** DATA TO EXAMINE follows **

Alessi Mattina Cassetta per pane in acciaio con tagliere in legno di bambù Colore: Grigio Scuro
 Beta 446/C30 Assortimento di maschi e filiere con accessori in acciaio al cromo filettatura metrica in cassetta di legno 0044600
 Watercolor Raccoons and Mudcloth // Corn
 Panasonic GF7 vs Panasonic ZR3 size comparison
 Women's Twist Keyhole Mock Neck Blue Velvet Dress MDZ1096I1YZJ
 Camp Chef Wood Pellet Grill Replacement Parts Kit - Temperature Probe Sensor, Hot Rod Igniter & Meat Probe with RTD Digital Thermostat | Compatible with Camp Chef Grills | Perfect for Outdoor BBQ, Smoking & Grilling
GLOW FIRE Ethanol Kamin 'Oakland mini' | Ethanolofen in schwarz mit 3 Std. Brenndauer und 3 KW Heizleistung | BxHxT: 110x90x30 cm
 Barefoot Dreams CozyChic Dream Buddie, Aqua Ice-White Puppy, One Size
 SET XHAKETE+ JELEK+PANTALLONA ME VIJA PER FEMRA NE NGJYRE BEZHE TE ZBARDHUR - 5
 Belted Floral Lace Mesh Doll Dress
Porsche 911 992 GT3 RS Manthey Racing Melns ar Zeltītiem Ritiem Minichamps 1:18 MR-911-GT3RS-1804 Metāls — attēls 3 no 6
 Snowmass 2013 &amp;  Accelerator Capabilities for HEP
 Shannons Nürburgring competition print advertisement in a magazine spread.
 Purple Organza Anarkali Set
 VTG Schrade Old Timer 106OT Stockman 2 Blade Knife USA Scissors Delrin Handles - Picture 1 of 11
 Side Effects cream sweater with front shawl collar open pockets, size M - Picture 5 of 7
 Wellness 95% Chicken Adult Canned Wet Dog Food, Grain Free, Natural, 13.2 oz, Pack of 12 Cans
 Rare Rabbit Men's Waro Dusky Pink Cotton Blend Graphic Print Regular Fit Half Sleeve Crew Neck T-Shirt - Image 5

** End of DATA TO EXAMINE **

If a line appears above, it belongs in your answer, printed exactly.

Alessi Mattina Cassetta per pane in acciaio con tagliere in legno di bambù Colore: Grigio Scuro
 Beta 446/C30 Assortimento di maschi e filiere con accessori in acciaio al cromo filettatura metrica in cassetta di legno 0044600
 Watercolor Raccoons and Mudcloth // Corn
 Panasonic GF7 vs Panasonic ZR3 size comparison
 Women's Twist Keyhole Mock Neck Blue Velvet Dress MDZ1096I1YZJ
 Camp Chef Wood Pellet Grill Replacement Parts Kit - Temperature Probe Sensor, Hot Rod Igniter & Meat Probe with RTD Digital Thermostat | Compatible with Camp Chef Grills | Perfect for Outdoor BBQ, Smoking & Grilling
GLOW FIRE Ethanol Kamin 'Oakland mini' | Ethanolofen in schwarz mit 3 Std. Brenndauer und 3 KW Heizleistung | BxHxT: 110x90x30 cm
 Barefoot Dreams CozyChic Dream Buddie, Aqua Ice-White Puppy, One Size
 SET XHAKETE+ JELEK+PANTALLONA ME VIJA PER FEMRA NE NGJYRE BEZHE TE ZBARDHUR - 5
 Belted Floral Lace Mesh Doll Dress
Porsche 911 992 GT3 RS Manthey Racing Melns ar Zeltītiem Ritiem Minichamps 1:18 MR-911-GT3RS-1804 Metāls — attēls 3 no 6
 Snowmass 2013 &amp;  Accelerator Capabilities for HEP
 Shannons Nürburgring competition print advertisement in a magazine spread.
 Purple Organza Anarkali Set
 VTG Schrade Old Timer 106OT Stockman 2 Blade Knife USA Scissors Delrin Handles - Picture 1 of 11
 Side Effects cream sweater with front shawl collar open pockets, size M - Picture 5 of 7
 Wellness 95% Chicken Adult Canned Wet Dog Food, Grain Free, Natural, 13.2 oz, Pack of 12 Cans
 Rare Rabbit Men's Waro Dusky Pink Cotton Blend Graphic Print Regular Fit Half Sleeve Crew Neck T-Shirt - Image 5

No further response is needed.